Defects in the IFT-B Component IFT172 Cause Jeune and Mainzer-Saldino Syndromes in Humans


Halbritter J., Bizet A. A., Schmidts M., Porath J. D., Braun D. A., Gee H. Y., ...Daha Fazla

AMERICAN JOURNAL OF HUMAN GENETICS, cilt.93, sa.5, ss.915-925, 2013 (SCI-Expanded) identifier identifier identifier

  • Yayın Türü: Makale / Tam Makale
  • Cilt numarası: 93 Sayı: 5
  • Basım Tarihi: 2013
  • Doi Numarası: 10.1016/j.ajhg.2013.09.012
  • Dergi Adı: AMERICAN JOURNAL OF HUMAN GENETICS
  • Derginin Tarandığı İndeksler: Science Citation Index Expanded (SCI-EXPANDED), Scopus
  • Sayfa Sayıları: ss.915-925
  • İstanbul Üniversitesi Adresli: Evet

Özet

Intraflagellar transport (IFT) depends on two evolutionarily conserved modules, subcomplexes A (IFT-A) and B (IFT-B), to drive ciliary assembly and maintenance.

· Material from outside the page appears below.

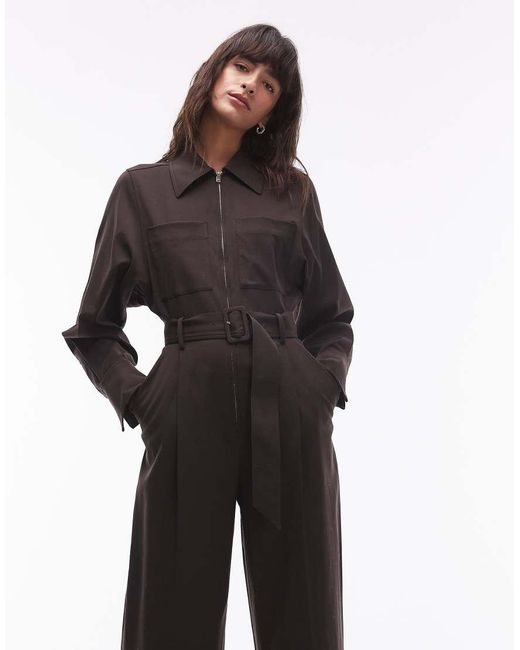& Other Stories Black Wool Blend Long Sleeve Utility Jumpsuit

All six IFT-A components and their motor protein, DYNC2H1, have been linked to human skeletal ciliopathies, including asphyxiating thoracic dystrophy (ATD; also known as Jeune syndrome), Sensenbrenner syndrome, and Mainzer-Saldino syndrome (MZSDS). Conversely, the 14 subunits in the IFT-B module, with the exception of IFT80, have unknown roles in human disease. To identify additional IFT-B components defective in ciliopathies, we independently performed different mutation analyses: candidate-based sequencing of all IFT-B-encoding genes in 1,467 individuals with a nephronophthisis-related ciliopathy or whole-exome resequencing in 63 individuals with ATD. We thereby detected biallelic mutations in the IFT-B-encoding gene IFT172 in 12 families. All affected individuals displayed abnormalities of the thorax and/or long bones, as well as renal, hepatic, or retinal involvement, consistent with the diagnosis of ATD or MZSDS. Additionally, cerebellar aplasia or hypoplasia characteristic of Joubert syndrome was present in 2 out of 12 families. Fibroblasts from affected individuals showed disturbed ciliary composition, suggesting alteration of ciliary transport and signaling. Knockdown of ift172 in zebrafish recapitulated the human phenotype and demonstrated a genetic interaction between ift172 and ift80. In summary, we have identified defects in IFT172 as a cause of complex ATD and MZSDS. Our findings link the group of skeletal ciliopathies to an additional IFT-B component, IFT172, similar to what has been shown for IFT-A.